I think this would be a great way for F1 to showcase and develop these technologies and help them make their way into the consumer market.
Every RP’d polymer part will be heavier and weaker than their CF autoclaved equivalent, meaning the team is accepting a weight penalty, so the typical conditions for running one of these parts would be either it’s small, and the additional few grams don’t matter, OR the part is needed to run the car, so the weight becomes moot as running is critical. RBR used WindformXT for rearview mirrors last season, IIRC, and I’ve seen RP polymer brake ducts this season. Little brackets could be made with RP polymers, along with little aero bits to go on the exterior of the car.
I’m at a loss to imagine where RP metal parts could be used – metal is used very sparingly in F1 cars already. I don’t believe RP sintering could produce a part capable of being loaded like an upright. No point in producing sheet metal using an RP machine, it’s easier to haul sheets for that. I don’t see tubing as a place RP would work. Either you’ve got something like an exhaust pipe, which you’d transport replacements for, or something like brake or cooling lines, which you’d keep lengths of tube stock, and cut, flare/crimp and bend as needed. Not a chance an RP fastener would be trusted. So what would RP metal be good for? Mounting brackets for lightweight hardware. What else? My feeling is RP metal isn’t a great fit for an F1 team’s road gear, and I’m excluding it from further consideration.
Further, the scope of RP parts is limited by machine size – RP machines can only make parts smaller than themselves. A larger machine could make something like an engine airbox, but most of the time that capacity will be underused, making stuff like brake ducts. To be fair, you could produce 2 (or even 4) brake ducts at once.
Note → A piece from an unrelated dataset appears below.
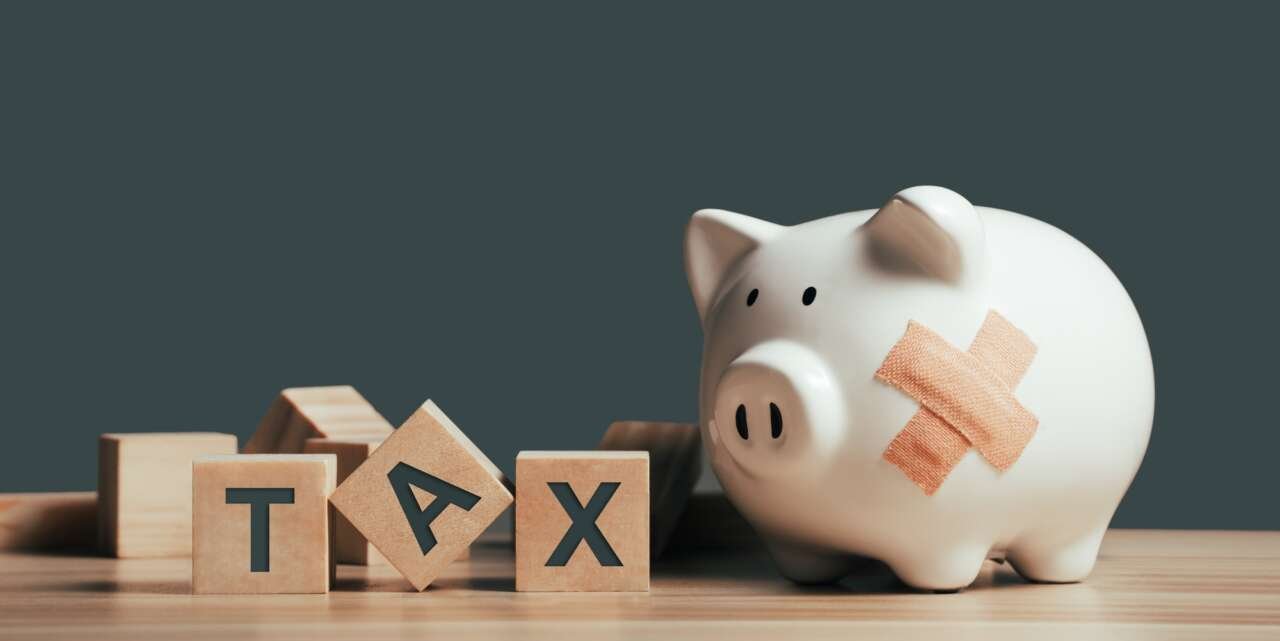 Tax on wooden blocks. Business and tax concept. Financial calculation, tax, accounting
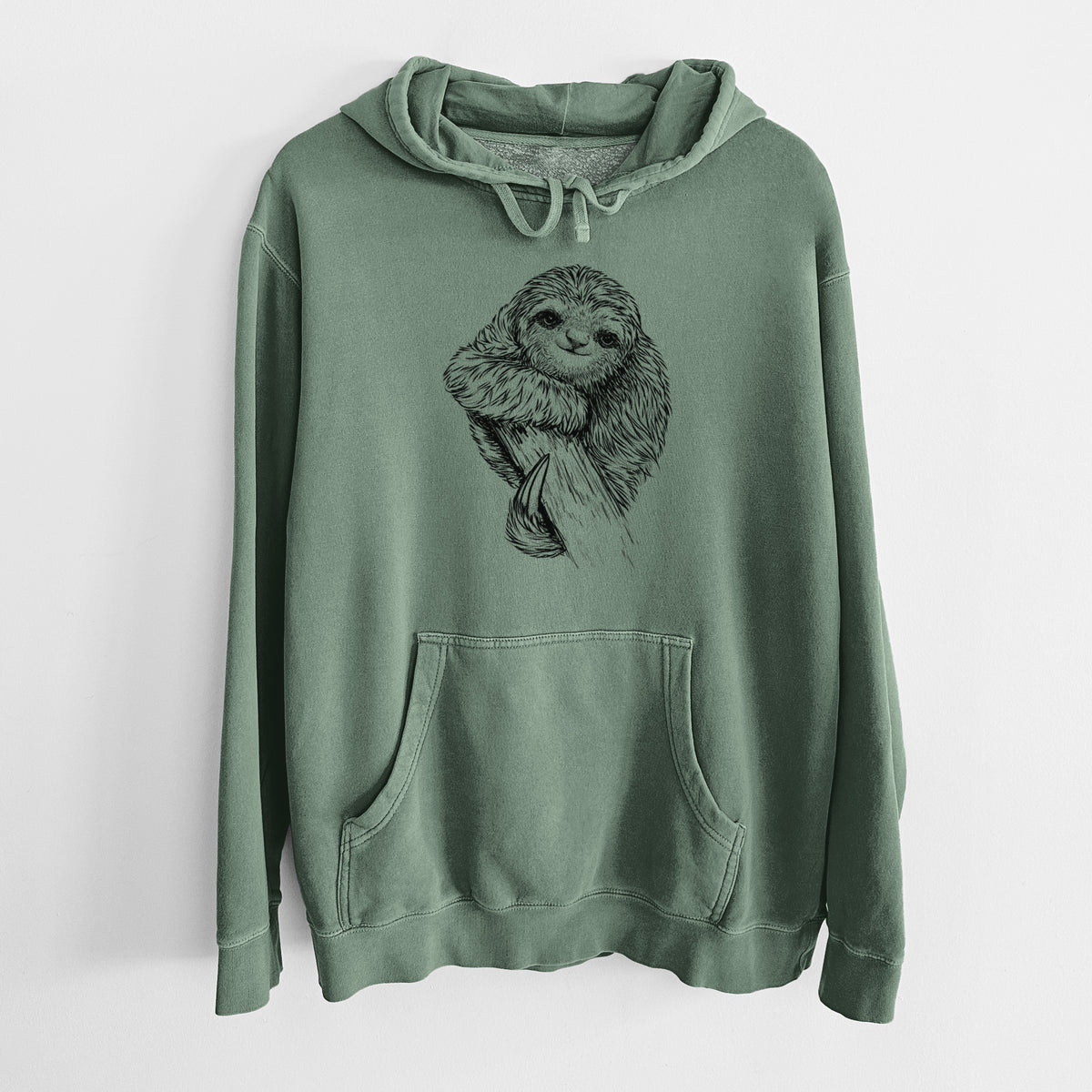 Alpine green pigment dyed hoodie laid flat, printed with a detailed black ink illustration of a smiling pygmy three-toed sloth hanging from a branch.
My guess would be two medium sized machines, or one larger and one smaller.
So we’ve got brackets, mirror housings, aero bits,and brake ducts. What other practical applications does RP have for an F1 team?
I disagree that f1 makes a huge impact on road cars.
Abs and kers were on passenger cars before f1. Fuel injection from airplanes and carbon brakes from nasa and variable valve timing was around on steam engines.
Sure they affect high end supercars and refinements may trickle down eventually but even as an f1 fan I can’t support this argument.